On Tue, Nov 18, 2003 at 10:20:17AM -0500, Alan Stern wrote:

> Alignment to a 512-byte boundary would suffice and page alignment would be
> more than enough.  The cleanest way to fix the problem would be to have st
> and sg refuse to do direct I/O when the user's buffer isn't page aligned.  
> That's probably too draconian (but it would allow us to give the user
> process an appropriate error code right away).

The above restriction sounds reasonable to me, but I do not have
experience in this area. I thought that the raw and direct block
interfaces already had such restrictions.
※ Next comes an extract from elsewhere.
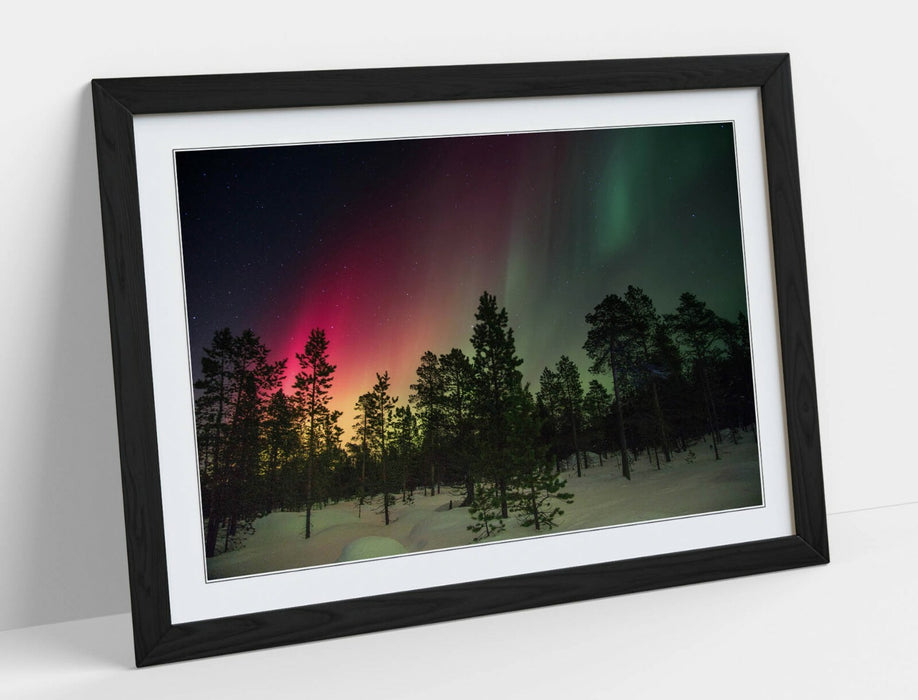 Framed Poster Wall Art - Pink Green Yellow Poster Print With Faux Wood Frame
Jens or Doug G can you comment on this?

You could add a scsi_host fields or bits specifying alignment
restrictions, and enforce them as needed in upper level drivers.
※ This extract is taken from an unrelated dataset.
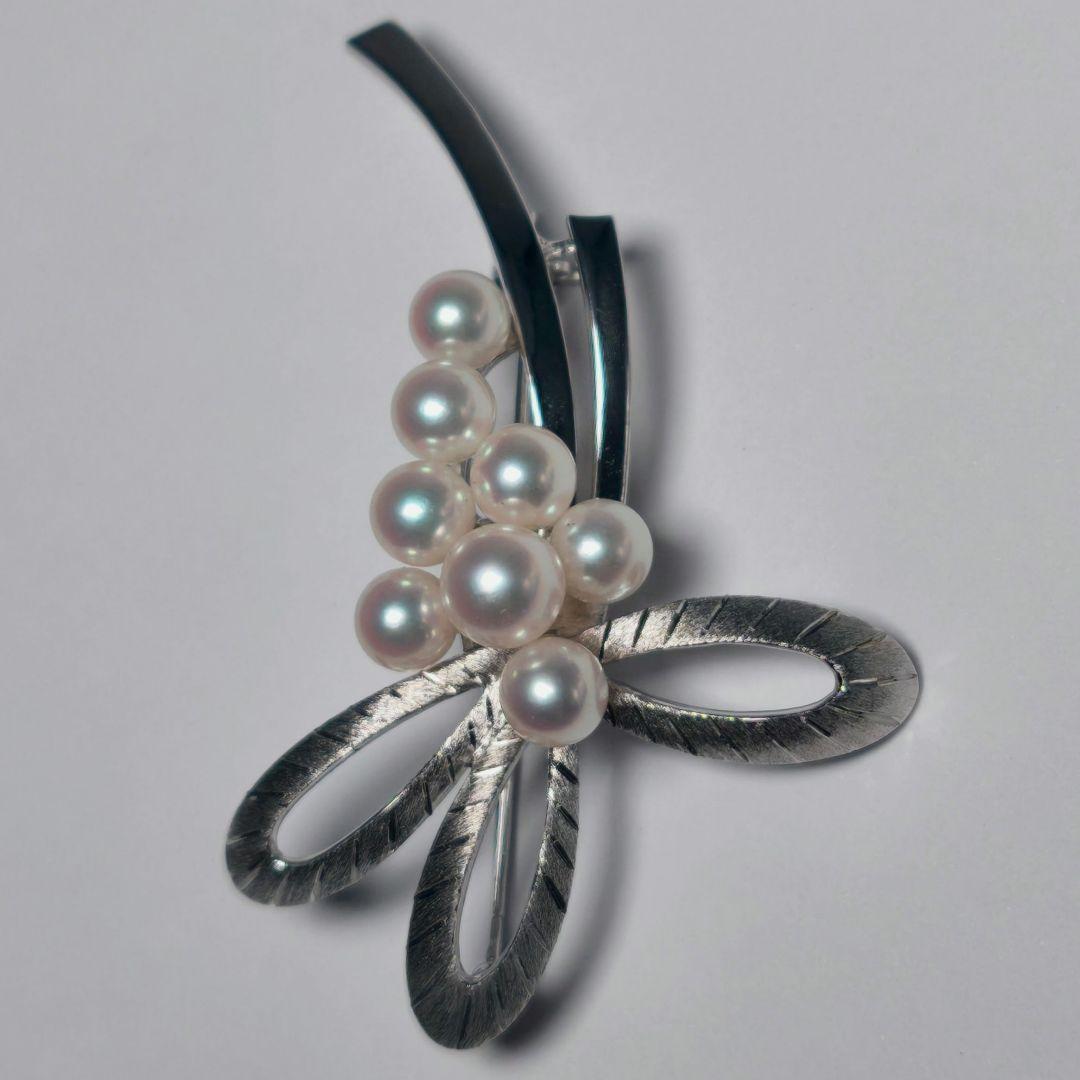 【極美品 最高級】ミキモト ブローチ パール リボン 8珠 皇室御用達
> So instead I'm going to change the usb-storage driver to make it reject
> any s-g transfer that doesn't meet the entry length requirements.  My
> question is this: What's the best way to inform the SCSI midlayer about
> what went wrong?  Return a DID_ABORT code?  Or would something else be
> better?
> 
> Alan Stern

Assuming a printk is OK, DID_ABORT is OK.

If there is an existing appropriate sense code, you could generate that
and pass it back. I searched the SPC3 spec and did not find any that have
"align" but there are some with "invalid" that might be OK, though you
might not be able to tell for certain if the sense was from the device or
not, it is less vague than a DID_ABORT.